На самом деле мы с женой опасались и нервничали по поводу трех вещей:
1) итальянцы руками и языком какого-нибудь коррумпированного или дружеского им российского «светила» могли, в теории, уничтожить нашу репутацию;
2) итальянские и французские спецслужбы способны были организовать какую-нибудь пакость или провокацию на территории России;
3) после ввоза картины в Россию будет трудно ее вывезти из страны.
Однако все наши друзья и знакомые, те, кто видел фотографию этой работы, просили и хотели бы, чтобы мы показали именно ее. Кроме того, я чувствовал себя обязанным моим дорогим «френдам», обретенным в Сети. Ведь это они своим доверием, участием и вниманием год назад фактически спасли нас от провокаций и вербовки.
Поэтому мы все-таки стали прорабатывать возможность показать на выставке автопортрет Бенвенуто.
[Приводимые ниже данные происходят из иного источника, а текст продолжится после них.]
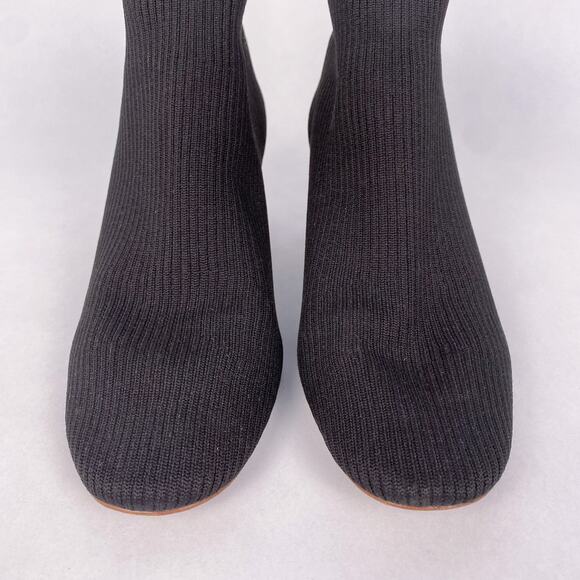 Everlane The Glove Boot in ReKnit Black 10 - Picture 5 of 9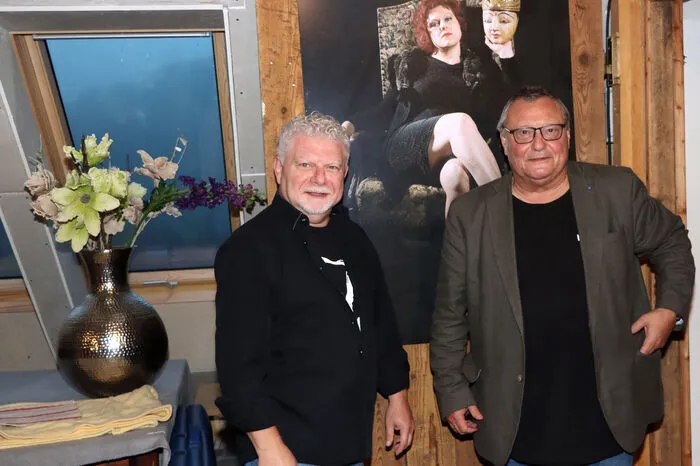 Unter dem Motto: „Geh, lach doch nicht!“ präsentierten Joesi Prokopetz und Roman Grinberg ihr neues Programm.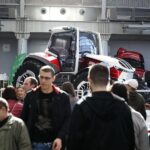 20.03.2022. Targi Kielce. Targi Techniki Rolniczej AGROTECH / Wiktor Taszłow / Radio Kielce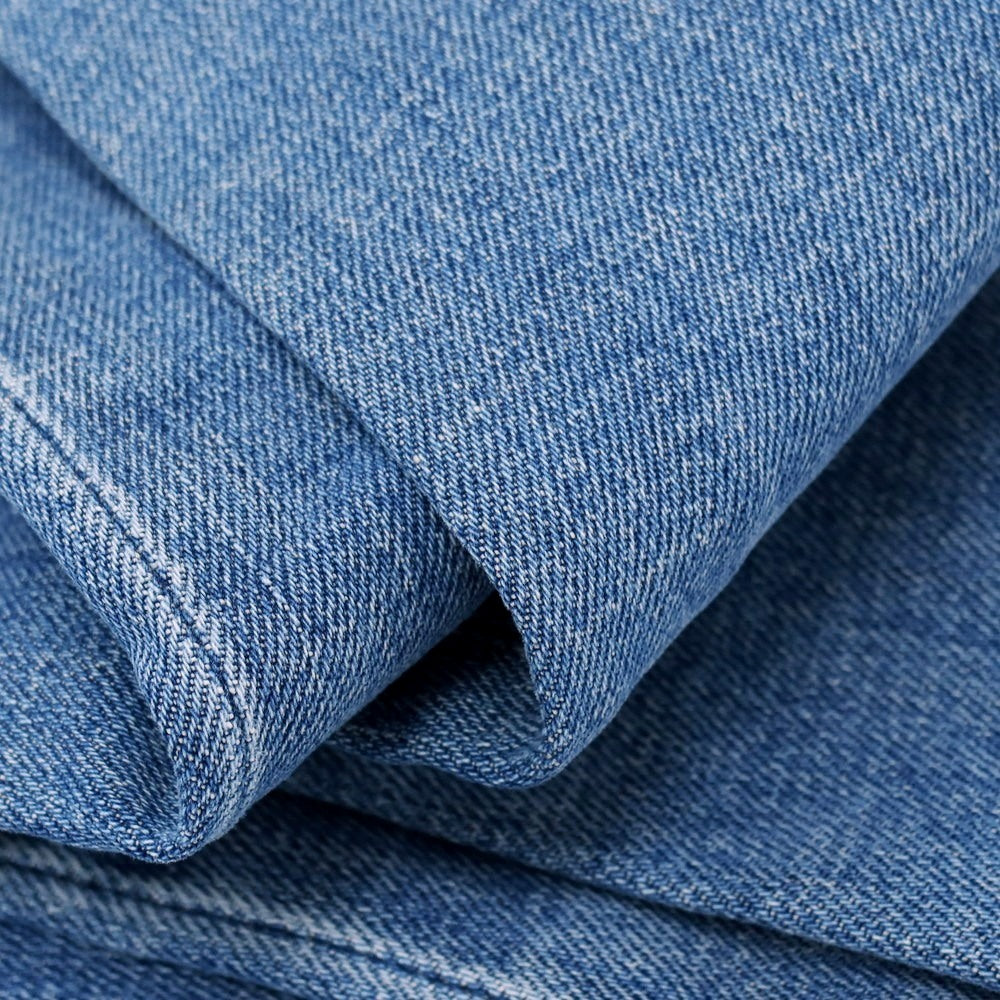 【中古】ヤコブコーエン JACOB COHEN J622 ストレッチ コットン デニムパンツ ジーンズ ライトブルー【サイズ34】【 状態ランクB 】【 メンズ 】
Тщательно поразмыслив, по поводу первого пункта мы с Ириной пришли к выводу, что доказательная база у нас настолько прочна, что даже если кто-то из «светил» по заказу наших недругов сунется в это дело, мы дадим ему отпор в развернувшейся дискуссии.
Мы обладаем в России собственным медиаресурсом, плюс всегда есть возможность обратиться к друзьям за поддержкой. То есть, как ни крути, а наш голос все равно будет услышан и мы сможем публично ответить любому медийному агрессору.
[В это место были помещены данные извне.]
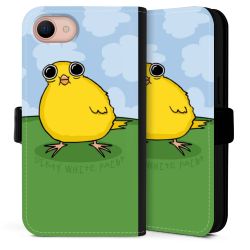 Sideflip mit Lasche schwarz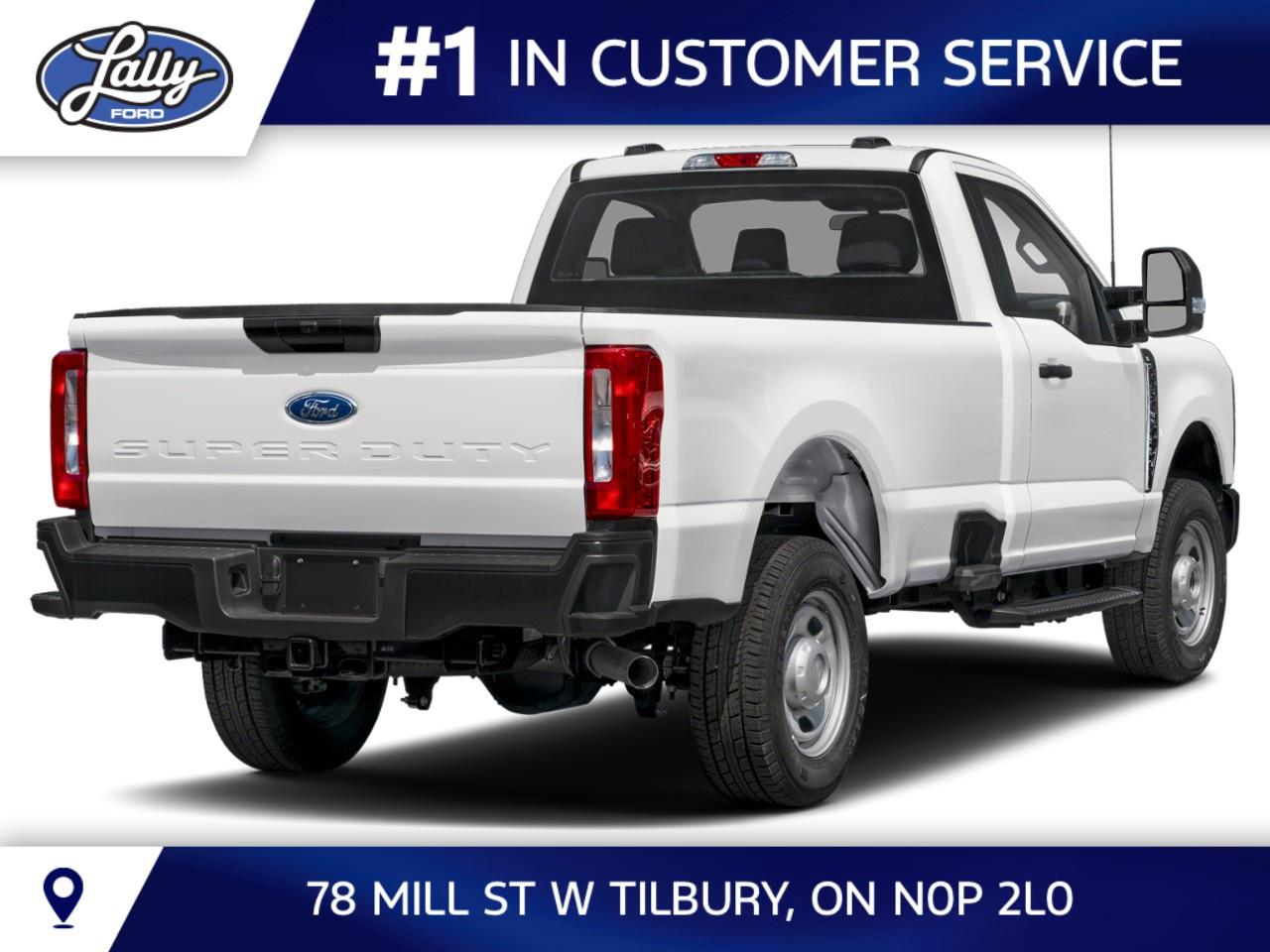 2026 Ford F-350 Super Duty SRW XL 4WD REG CAB 8' BOX Photo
Из осторожности мы были намерены продемонстрировать картину без масштабной рекламы, а в таких случаях «светила», скорее всего, предпочтут не связываться с нами. Не стоит овчинка выделки, а риск слишком велик. Когда есть возможность промолчать, им проще пропустить событие, чем спровоцировать скандал, который еще неизвестно чем обернется.
В то, что нам окажут поддержку российские искусствоведы, я не верил. И вот по какой причине. В 2006 году мы уже обращались за помощью в Государственный Эрмитаж. Мы смиренно просили, чтобы в его лаборатории всего-навсего взяли пункции и исследовали пигменты и основу портрета. Разумеется, я готов был за это заплатить.
Профессиональные исследования, проведенные в России, позволили бы нам начать предметные переговоры с Пушкинским музеем и Эрмитажем.
К этому времени у нас уже имелись готовые технические анализы, сделанные в парижской лаборатории, и, кроме того, было официально установлено ведущими французскими антропологами, что на портрете изображено лицо именно Челлини. Я просил о повторном российском анализе, поскольку таким образом прощупывал почву только для начала переговоров.
Сначала я переговорил по этому делу с двумя штатными сотрудниками музея. Один из них поведал мне, что Эрмитаж не станет проводить исследование моей картины. Якобы это личное распоряжение господина Пиотровского, таковы правила: в лаборатории исследуются только те произведения, которыми Эрмитаж владеет. Ни нашу картину, ни досье на нее работники музея никогда не видели. По крайней мере, из моих рук они досье картины не получали. Настаивать мы не стали.
Через шесть лет, к 2012 году, ситуация радикально изменилась: отсутствие поддержки и глухое молчание со стороны искусствоведов нас более не пугали. Материала было накоплено достаточно, к тому же он оказался весьма наглядным.